Randolph T. Holhut/The Commons

Charlie Lewis, center, speaks to the Brattleboro Food Co-op’s Board of Directors at a meeting Monday night.


Workers unionize at
Brattleboro Food Co-op

Organizers say a 'substantial' majority of staff supports efforts
Photo 2

Randolph T. Holhut/The Commons

Alex Gyori, general manager at the Brattleboro Food Co-op, listens to employees at a Board of Directors meeting on Monday night.

Originally published in The Commons issue #169 (Wednesday, September 12, 2012).

BRATTLEBORO—Workers at the Brattleboro Food Co-op have announced their intention to organize a union.

A group of workers formally made the request at the Co-op’s Board of Directors’ meeting on Monday night.

In a statement read by Co-op employee Charlie Lewis at the meeting, the decision made by a majority of the more than 160 members of the Co-op’s non-managerial staff to seek representation from Local 1459 of the United Food and Commercial Workers Union (UCFW) stemmed from a number of factors.

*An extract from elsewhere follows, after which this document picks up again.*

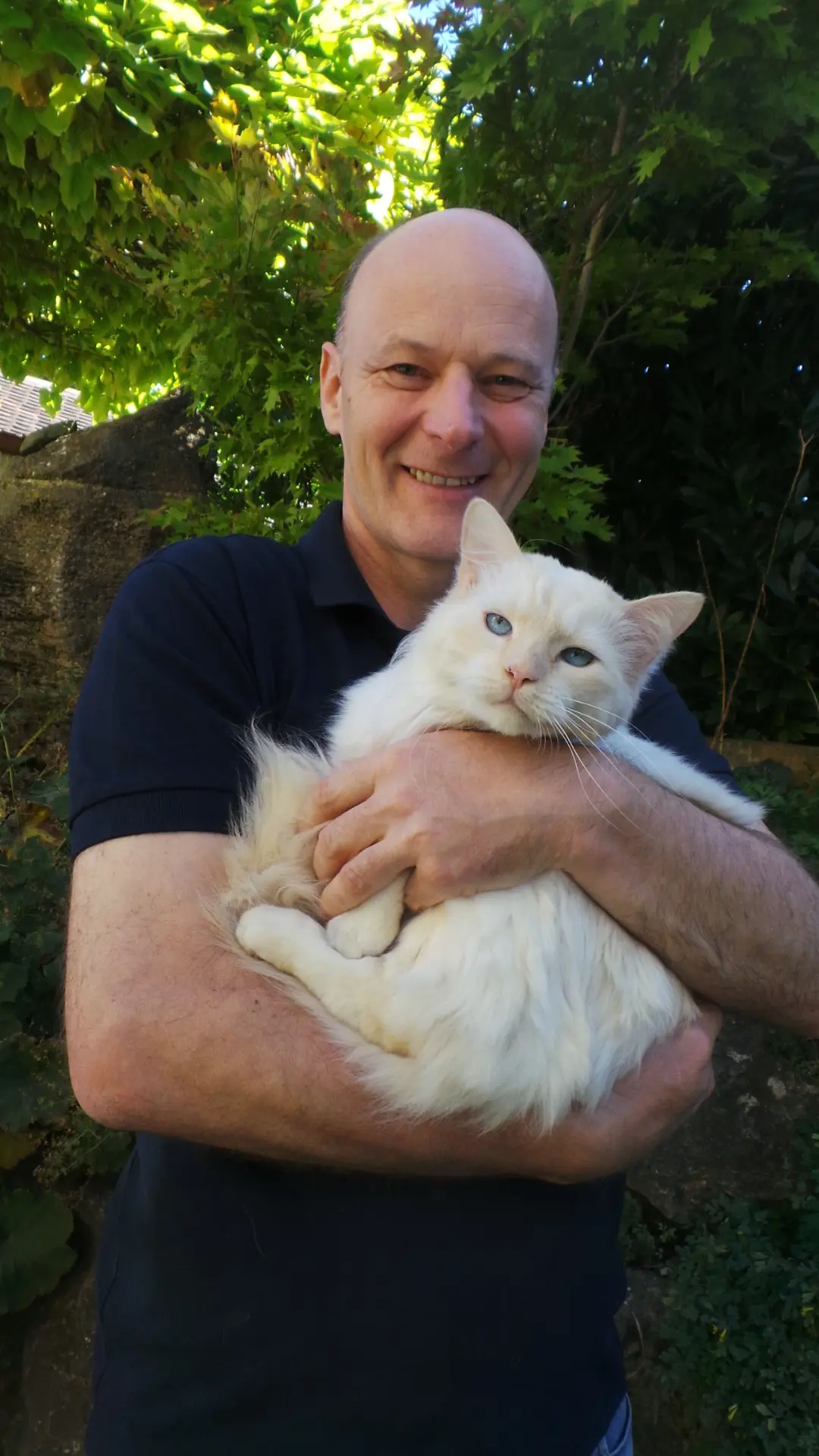 Christoph Schäuble mit einer weißen Katze auf dem Arm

According to the statement that was written by a group of employees, “we are tired of working in an environment that takes pride in calling itself a cooperative, but does not include staff in the cooperative community.”

Forming a union, they wrote, “will be the best way of securing the rights we seek.”

Alluding to the difficulties of the past year that included the slaying of Michael Martin by a co-worker and the transition to a new building in May, the employees stated that “forming a union will help us all work together more successfully and cooperatively, which is crucial after last year’s tragedies and as we move forward with our new larger store.”

After the meeting, Lewis said that the statement was prepared over the past few weeks and most of it stems from a desire to have a more democratic decision-making process in place.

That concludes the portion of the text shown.